The answer to such questions is becoming grimly clear.  People now in their 20s probably won’t be able to do any of these things, and by the time they hit age 30 they are beginning to realize it.

This quandary of today’s 30-year-olds is the subject of a play gathering much attention at the current Fringe Festival in Toronto.  It’s called Talk Thirty To Me.  Its author, playwright Oonagh Duncan, created it after examining demographic studies and making scores of personal interviews with people entering their 30s.  Since she’s 29 herself, her own experience informs the play as well.  Her findings not only appear through the characters in her play.
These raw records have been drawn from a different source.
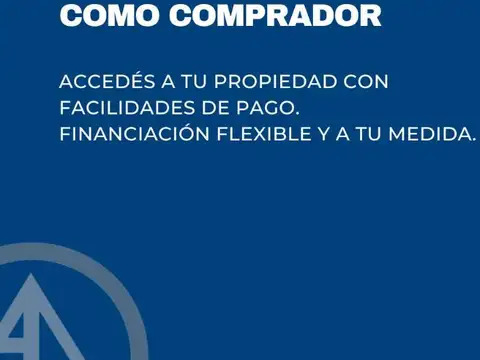 Hermoso departamento con financiacion propia!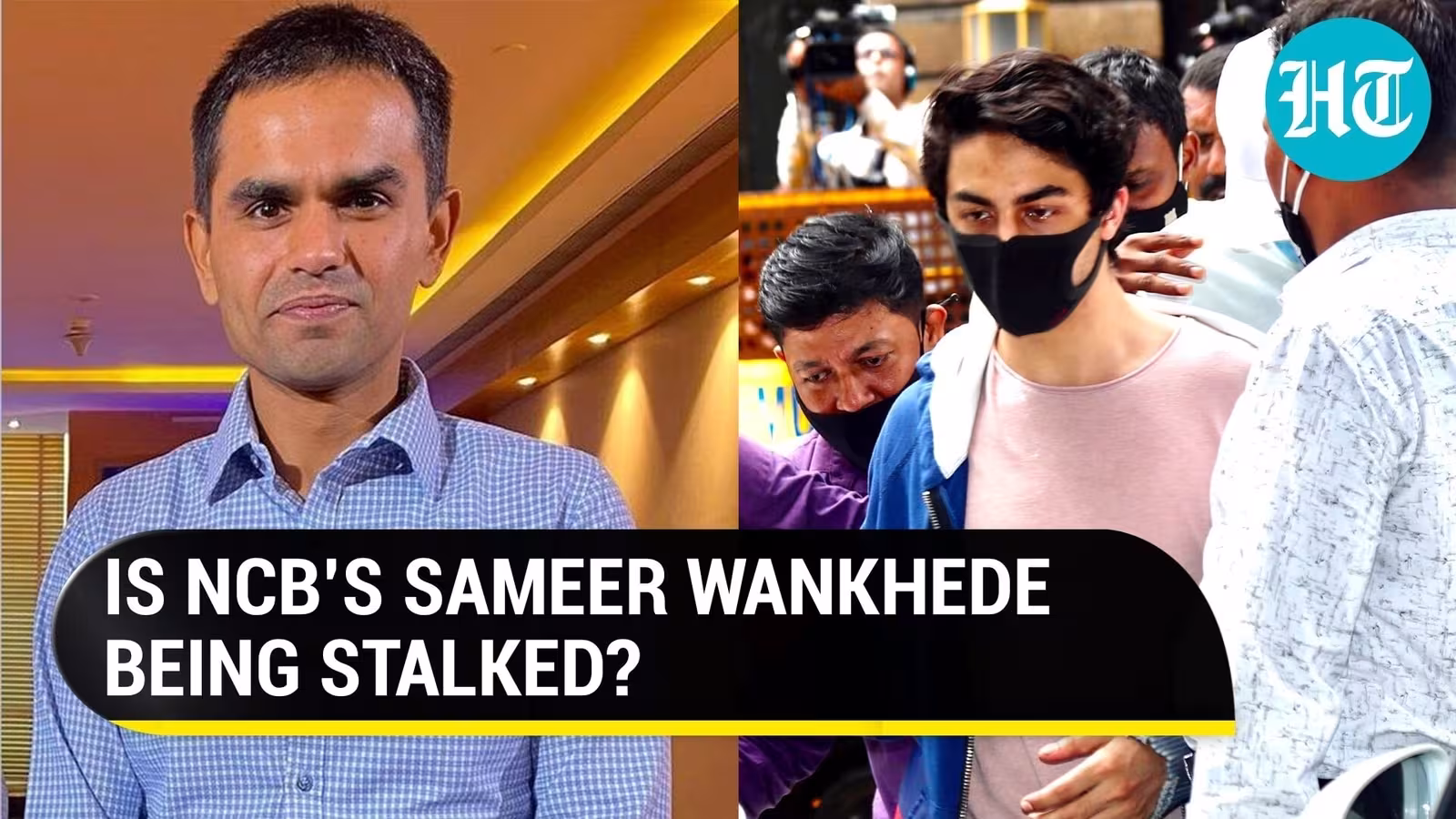 Le policier Sameer Wankhede qui a arrêté Aryan Khan dit qu’il est suivi et surveillé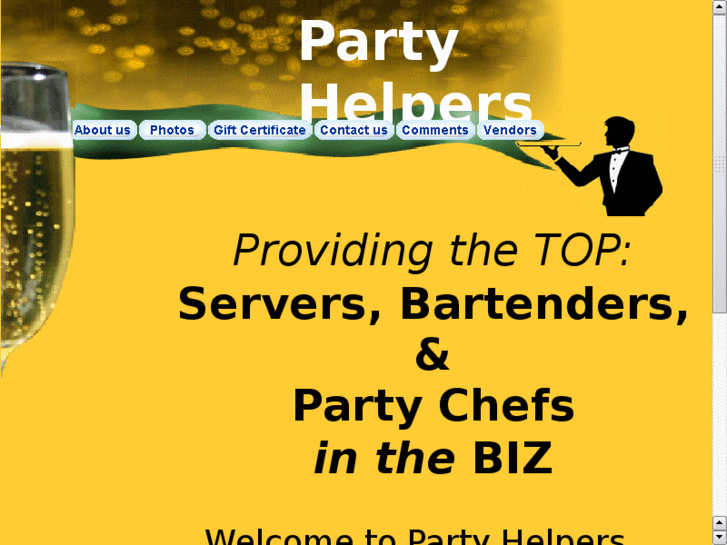 www.southjerseypartyhelpers.com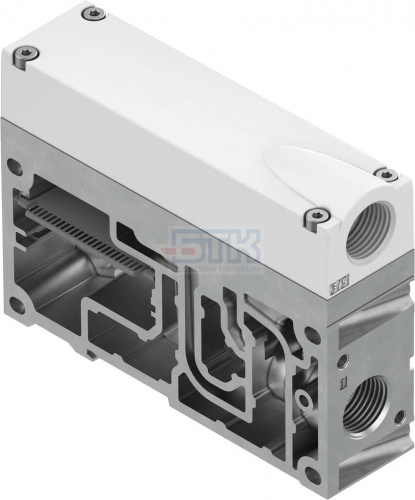 8104044 Модуль расширения VABF-S6-1-P8A7-G12-CB1 FESTO 8104044 Модуль расширения VABF-S6-1-P8A7-G12-CB1 FESTO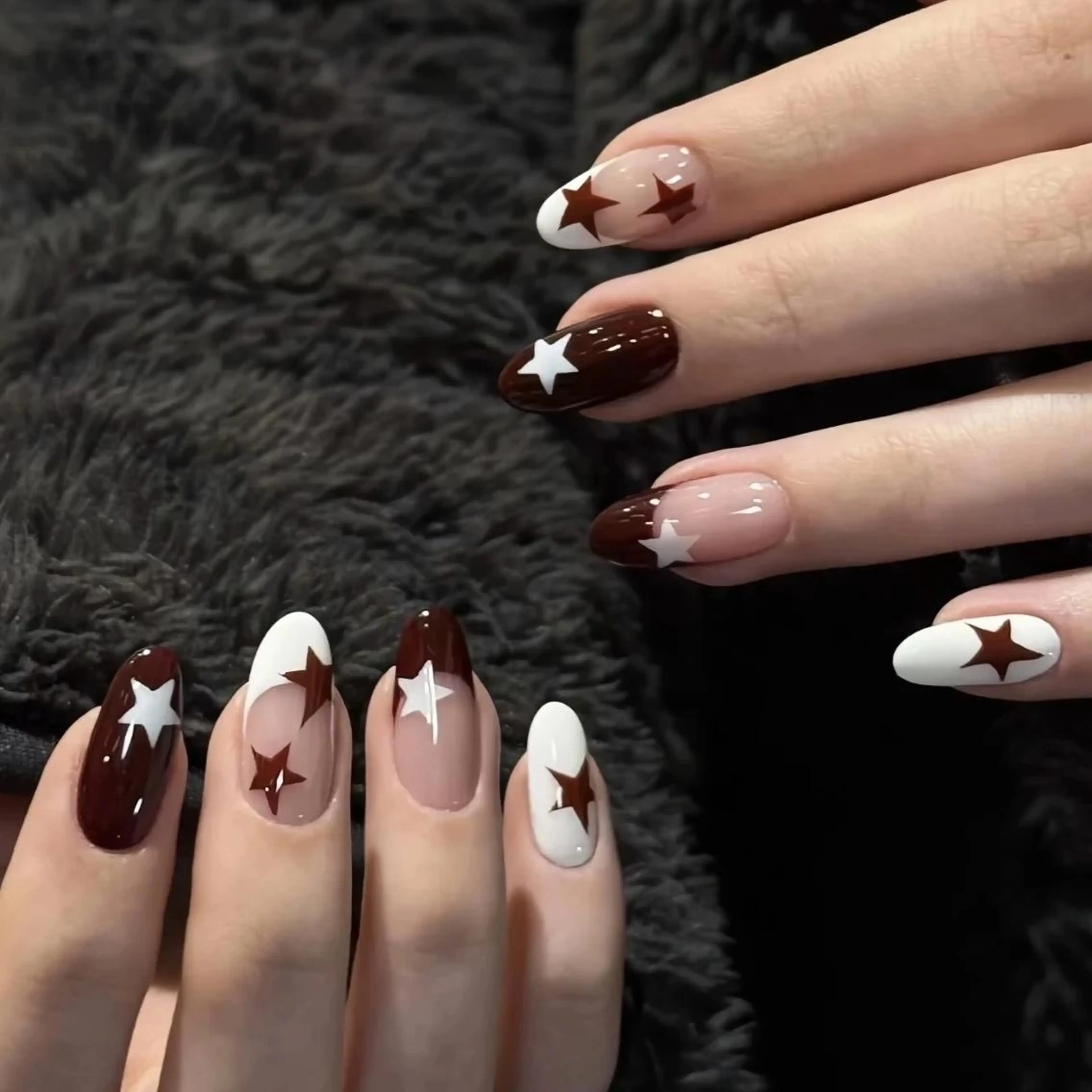 ネイル DEMAIN- 🕊️のネイルデザイン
StatsCan figures are also flashed on a screen as the play unfolds:  “The average 30-year-old has had 7.5 jobs… has an average income of $29,013 … carries between $1,500 and $19,000 in debt.”

One interview typified them all.  “I just changed careers and went back to school,” said the 30-year-old male. “I got no house, no wife, no kids, no car, and 71 cents in my bank account.”

What makes this much worse, says Duncan, is the fact that these people at 20 had been led to believe that when they reached 30 they would have all those lovely things which their parents had when they reached 30—professional career, marriage, car, kids, suburban house, dog, travel, cottage, dinners in fashionable restaurants.  The children of those same fortunate people now reach 30 and suddenly discover they have none of the things they had so confidently expected.  Moreover, they aren’t likely ever to have them.

A current book, like the play, depicts their predicament.  It’s by psychologist-author Jean Twenge and its gargantuan title tells the story: Generation Me: Why Today’s Young Americans Are More Confident, Assertive, Entitled—and More Miserable Than Ever Before.

The crucial question is: What can these young people do? If their parents can’t be of any help to them, what’s the possibility of my generation helping them?

In a way, our experience was the reverse of theirs.  They expected to have all these fine material benefits and didn’t get them.  We did not, even remotely, expect to get them, and to our delight and astonishment, we did get a great many of them.  But for us, those benefits often came much later in life, certainly not by 30, more frequently by 50 or even 60.  Moreover, we never really thought of ourselves as part of a “generation.”  We identified more with our profession or trade; we were plumbers or doctors, or salesmen or (as my trade then called itself) “newspapermen.”  Or with our city—we were Calgarians, or Winnipeggers.  There were no “forties people” as there would one day be “sixties people.”  Yet many of us did sense once in our lives a point of deep disillusionment.  Our dreams for life, modest though they were not going to come true.

It hit me at 24 when I found myself, a fine Toronto boy, “stuck” as I saw it, in Winnipeg. So much for being a “great newspaperman.”  At that point, there came a kind of inner surrender.

It was connected, I confess, to an inner acceptance of God in Christ. You had to say to yourself: “What I’ve got is what I’m going to have, probably permanently. Get used to it. Live for today. Forget what the future holds. Take no thought, as the Bible says, for the morrow. Do the best job you can, and be thankful for it.”

So I did, and an odd thing happened. It was as though a great burden fell from my back.  Very soon, I came to love everything—family, work, town, friends, the world, the church.  And it would not have happened, had I not been driven to that point of despair.

Maybe, therefore, we should hold out real hope for our 30-year-olds.  Some will make the amazing discovery: That the only hope for the Me-Generation is to forget completely about the “Me.”